Facebook Twitter
Sex blogger of the month

Sex Blogger of the Month: Sunny Megatron

Published: DECEMBER 1, 2017 | Updated: FEBRUARY 2, 2022
This blogger is funny and engaging - and she knows ALL the things when it comes to sex, sex toys and our readers' favorite kinky topics.

We are thrilled to announce this month's Sex Blogger of the Month because she is also our most recent Sex Blogging Superhero! Now, we don't exactly "pick" the winner of our Superheroes contest. We have specific criteria, our staff ranks each blog according to those criteria, we plug all that into a spreadsheet and, voila, the list is generated. But, boy, were we pumped to see Sunny at the top of that list. We've been honored to have Sunny as an author and ally for a few years now. She's a long-time sex educator, sex toy reviewer, blogger, podcaster and, most recently, TV star. Not only is she fun and funny and engaging - she also knows ALL the things when it comes to sex, sex toys and some of our readers' favorite kinky topics, like electrosex and orgasm denial. You can (and should) check out all the cool projects Sunny's juggling over at her website and blog, Sunnymegatron.com.

Advertisement

OK. But enough of the groupie fangirling over here. Here are Sunny's answers to our questions about her blog.

Kinkly: Give us three words that describe your blog.

Sunny: Honest, relatable, funny.

Advertisement

Kinkly: What inspired you to start the blog?
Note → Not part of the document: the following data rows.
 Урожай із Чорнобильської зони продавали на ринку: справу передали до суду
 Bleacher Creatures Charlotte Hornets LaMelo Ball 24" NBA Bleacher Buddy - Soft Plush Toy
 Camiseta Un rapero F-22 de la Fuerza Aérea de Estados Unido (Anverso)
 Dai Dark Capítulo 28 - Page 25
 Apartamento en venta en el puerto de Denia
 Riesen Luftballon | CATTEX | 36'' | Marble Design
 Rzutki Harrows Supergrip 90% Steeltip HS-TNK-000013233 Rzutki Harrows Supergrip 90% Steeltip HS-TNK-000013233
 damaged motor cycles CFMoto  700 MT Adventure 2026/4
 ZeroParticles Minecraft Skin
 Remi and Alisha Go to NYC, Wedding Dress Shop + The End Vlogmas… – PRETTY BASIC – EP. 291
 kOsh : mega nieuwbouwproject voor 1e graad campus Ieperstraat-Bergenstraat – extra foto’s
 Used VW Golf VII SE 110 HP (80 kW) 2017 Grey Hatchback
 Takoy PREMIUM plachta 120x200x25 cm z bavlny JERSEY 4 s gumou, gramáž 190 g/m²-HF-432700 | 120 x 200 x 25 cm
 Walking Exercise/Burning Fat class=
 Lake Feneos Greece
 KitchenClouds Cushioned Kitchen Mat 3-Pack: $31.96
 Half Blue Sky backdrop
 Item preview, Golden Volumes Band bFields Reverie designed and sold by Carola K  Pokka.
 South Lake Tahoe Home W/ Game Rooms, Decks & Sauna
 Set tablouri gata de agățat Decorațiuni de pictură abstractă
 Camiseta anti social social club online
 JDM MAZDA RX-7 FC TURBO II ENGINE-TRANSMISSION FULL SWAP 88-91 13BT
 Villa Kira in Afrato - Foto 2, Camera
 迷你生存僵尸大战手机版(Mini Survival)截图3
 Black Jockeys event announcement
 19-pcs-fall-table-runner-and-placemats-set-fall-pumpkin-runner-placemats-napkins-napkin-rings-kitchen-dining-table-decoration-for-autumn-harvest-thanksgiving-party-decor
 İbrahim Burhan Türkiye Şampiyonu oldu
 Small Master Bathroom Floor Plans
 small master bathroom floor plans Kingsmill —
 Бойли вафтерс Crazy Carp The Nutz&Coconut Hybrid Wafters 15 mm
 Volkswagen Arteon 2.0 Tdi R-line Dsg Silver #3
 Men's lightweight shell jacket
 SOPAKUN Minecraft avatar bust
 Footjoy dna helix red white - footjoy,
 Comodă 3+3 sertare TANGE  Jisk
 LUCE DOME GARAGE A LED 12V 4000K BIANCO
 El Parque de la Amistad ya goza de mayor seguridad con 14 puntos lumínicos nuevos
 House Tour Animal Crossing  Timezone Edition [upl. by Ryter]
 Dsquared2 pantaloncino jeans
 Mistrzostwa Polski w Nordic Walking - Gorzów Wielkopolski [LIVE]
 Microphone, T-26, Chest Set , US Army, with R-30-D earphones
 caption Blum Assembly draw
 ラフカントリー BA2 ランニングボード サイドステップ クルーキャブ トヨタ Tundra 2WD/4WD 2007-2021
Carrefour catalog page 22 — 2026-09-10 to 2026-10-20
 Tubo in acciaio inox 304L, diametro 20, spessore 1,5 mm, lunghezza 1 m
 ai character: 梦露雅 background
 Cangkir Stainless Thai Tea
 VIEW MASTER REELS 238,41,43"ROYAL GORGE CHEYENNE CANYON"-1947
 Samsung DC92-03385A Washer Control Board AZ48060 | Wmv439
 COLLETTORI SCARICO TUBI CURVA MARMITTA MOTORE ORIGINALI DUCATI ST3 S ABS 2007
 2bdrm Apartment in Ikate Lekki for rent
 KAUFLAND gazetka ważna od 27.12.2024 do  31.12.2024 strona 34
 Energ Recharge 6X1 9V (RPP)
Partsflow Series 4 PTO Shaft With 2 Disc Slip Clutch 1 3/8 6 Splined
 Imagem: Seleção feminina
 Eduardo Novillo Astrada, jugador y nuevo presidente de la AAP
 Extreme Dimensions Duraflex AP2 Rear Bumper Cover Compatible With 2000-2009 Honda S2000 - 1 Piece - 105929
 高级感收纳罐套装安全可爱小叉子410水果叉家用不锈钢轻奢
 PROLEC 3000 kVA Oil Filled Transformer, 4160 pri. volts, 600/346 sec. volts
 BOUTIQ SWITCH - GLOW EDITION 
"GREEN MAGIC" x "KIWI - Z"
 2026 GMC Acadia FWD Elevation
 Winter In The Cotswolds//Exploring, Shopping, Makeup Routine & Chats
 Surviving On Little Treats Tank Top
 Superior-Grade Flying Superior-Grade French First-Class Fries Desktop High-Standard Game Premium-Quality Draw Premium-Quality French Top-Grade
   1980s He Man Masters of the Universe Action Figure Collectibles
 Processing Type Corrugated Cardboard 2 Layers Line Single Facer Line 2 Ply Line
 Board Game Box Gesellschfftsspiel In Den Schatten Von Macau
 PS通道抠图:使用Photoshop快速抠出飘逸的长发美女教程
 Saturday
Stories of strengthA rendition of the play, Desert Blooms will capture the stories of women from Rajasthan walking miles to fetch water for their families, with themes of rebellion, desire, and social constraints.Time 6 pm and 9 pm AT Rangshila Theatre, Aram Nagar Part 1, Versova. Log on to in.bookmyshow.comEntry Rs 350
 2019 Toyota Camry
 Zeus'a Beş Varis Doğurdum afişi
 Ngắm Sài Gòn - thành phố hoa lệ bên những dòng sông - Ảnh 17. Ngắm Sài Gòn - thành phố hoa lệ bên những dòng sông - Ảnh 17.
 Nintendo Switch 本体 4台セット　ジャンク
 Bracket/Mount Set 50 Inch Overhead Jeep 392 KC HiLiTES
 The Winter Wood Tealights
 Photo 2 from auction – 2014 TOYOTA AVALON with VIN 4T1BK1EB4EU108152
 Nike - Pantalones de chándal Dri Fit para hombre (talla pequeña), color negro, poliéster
Sunny: I grew up in the '80s. It was the “just say no” generation and that’s how everyone in my life viewed sexuality. As a woman, I was repeatedly given subtle (and not so subtle) messages: if I wanted sex, I was a “slut”, if I didn’t I was “frigid” or a “tease.” When making out, I should say no a few times even if I mean yes, because that’s what “proper” girls do. Movies and TV glorified men that tricked women into sex. They also normalized grand gestures of love that today we’d consider creepy. As a result of all this, I was incredibly out of touch with myself sexually and romantically. Not only did I not know how to establish boundaries, I had no clue that I had a right to them! I found myself in two not-so-great, back-to-back long-term relationships spanning 18 years. The last one of eight years was incredibly abusive.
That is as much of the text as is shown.